1 Иногда мотивы обоих рядов сталкиваются неразрешимым образом. "Казаки", например, - история того, как свободный выбор нового склада жизни не удался, наткнувшись на социальную обусловленность, с одной стороны, героя, Оленина, с другой - казаков, извергающих его из своей среды.
Общеизвестна автобиографическая основа восьмой части "Анны Карениной" (духовный переворот Левина), ее текстуальная близость к "Исповеди", к "Запискам сумасшедшего" (также автобиографическим). Но в "Анне Карениной" Толстой допустил характерные временные несоответствия. Толстой женился и вступил в период длительной поглощенности творческой, семейной и помещичьей жизнью в 1862 году. Предвестием будущего кризиса были настроения, вызванные смертью брата Николая Николаевича (1860), и в особенности "арзамасский ужас", испытанный в 1869 году и позднее - в 1897-м, - подробно описанный в "Записках сумасшедшего". Все же жизнь писательская, семейно-хозяйственная шла своей колеей примерно до 1876 года, когда работа над "Анной Карениной" уже близилась к концу. К этому периоду относится кризис, о мучительности которого Толстой в "Исповеди" писал: "И вот тогда я, счастливый человек, вынес из своей комнаты шнурок, где я каждый вечер бывал один, раздеваясь, чтобы не повеситься на перекладине между шкапами, и перестал ходить с ружьем на охоту, чтобы не соблазниться слишком легким способом избавления себя от жизни". "Исповедь" создавалась в начале 1880-х годов. Несколькими годами раньше Толстой прикрепил несостоявшееся самоубийство к Левину: "И, счастливый семьянин, здоровый человек, Левин был несколько раз так близок к самоубийству, что спрятал шнурок, чтобы не повеситься на нем, и боялся ходить с ружьем, чтобы не застрелиться" 1.

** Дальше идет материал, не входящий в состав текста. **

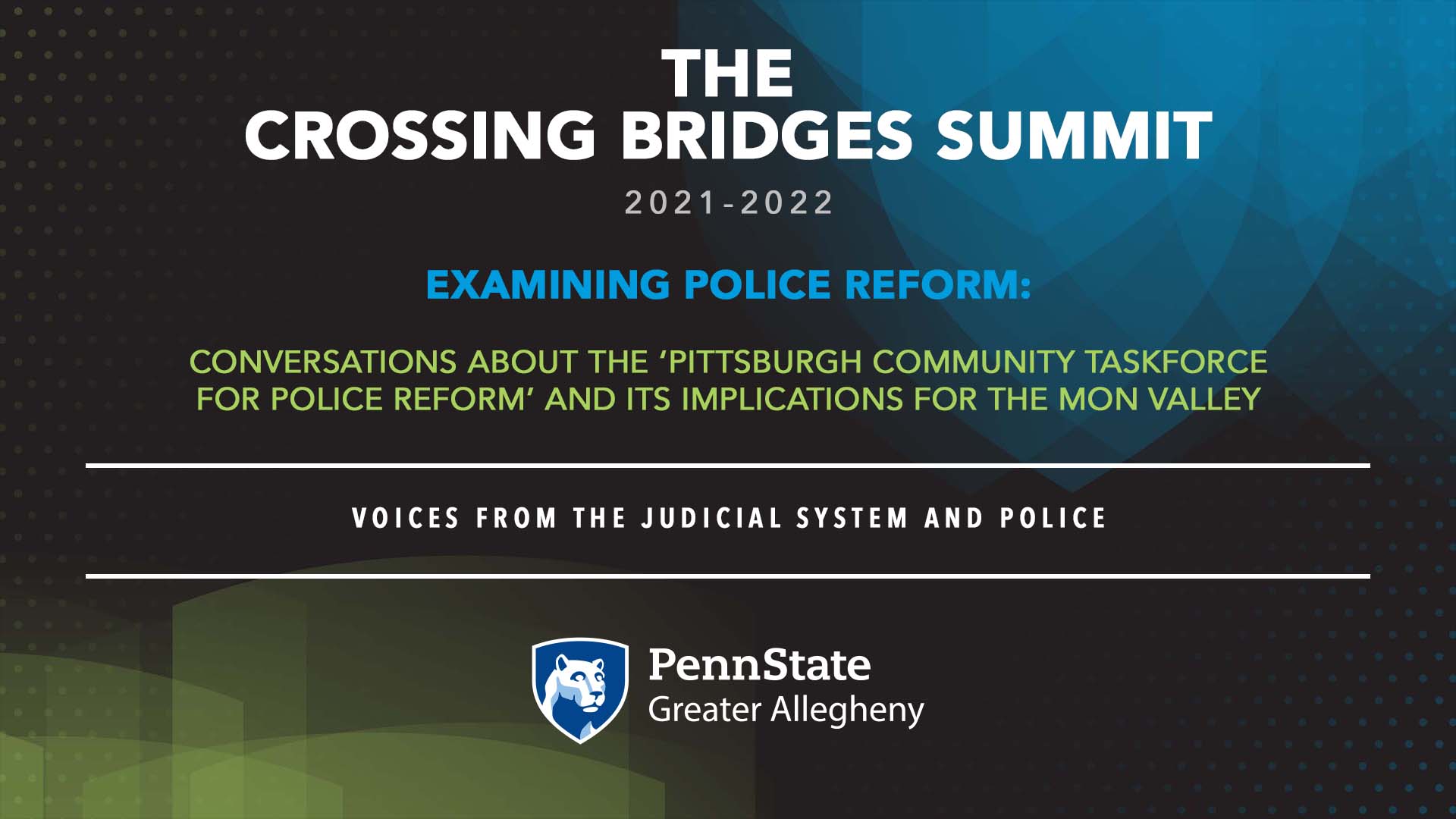 Digital Graphic that reads: THE   CROSSING BRIDGES SUMMIT  2021-2022  EXamining police reform:  Conversations about the ‘Pittsburgh community taskforce  for Police reform’ and its implications for the mon valley     Voices from the judicial system and police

1 Кризис Толстого принял острую форму начиная с 1876 года. И именно в "Дневнике писателя" того же 1876 года (октябрь, декабрь) в статьях "Приговор" и "Голословные утверждения" Достоевский создал своего "логического самоубийцу", человека столь непомерной интенсивности личного самосознания, что он не может вынести противоречие между своей ценностью и своей конечностью. Если нет веры в бессмертие души, - остается самоуничтожение: "Для него слишком очевидно, что ему жить нельзя и - он слишком знает, что прав и что опровергнуть его невозможно". К этому кругу идей тяготеет уже исповедь Ипполита в третьей части "Идиота" (1868). В 1876 году Достоевский писал о том самом, что переживал в это время Толстой.
Но что же получилось? В пору кризиса у Толстого за плечами было четырнадцать лет семейной жизни, были многолетние занятия хозяйством, огромный писательский опыт, слава, уже начавшая пресыщать. Левин помышляет о самоубийстве, сделав лишь самые первые шаги на пути своей новой для него и увлекательной семейной жизни. Существует некий разрыв между Левиным "логическим самоубийцей" и Левиным, переживающим роды Кити, присутствующим при купании Мити, с пледами под дождем спешащим в лес, где гроза застала его семью. Контуры двух этих образов не совместились. Толстому не это было важно, и он не побоялся неувязки. Психологический анахронизм позволил ему в какой-то мере освободить нравственный выбор Левина от бытовых условии. "Если добро имеет причину, оно уже не добро..." - размышляет Левин. Чтобы утвердить всю полноту свободы и ответственности идеологического героя, Толстой ослабляет систему мотивировок именно тогда, когда речь идет о самом высшем его нравственном опыте.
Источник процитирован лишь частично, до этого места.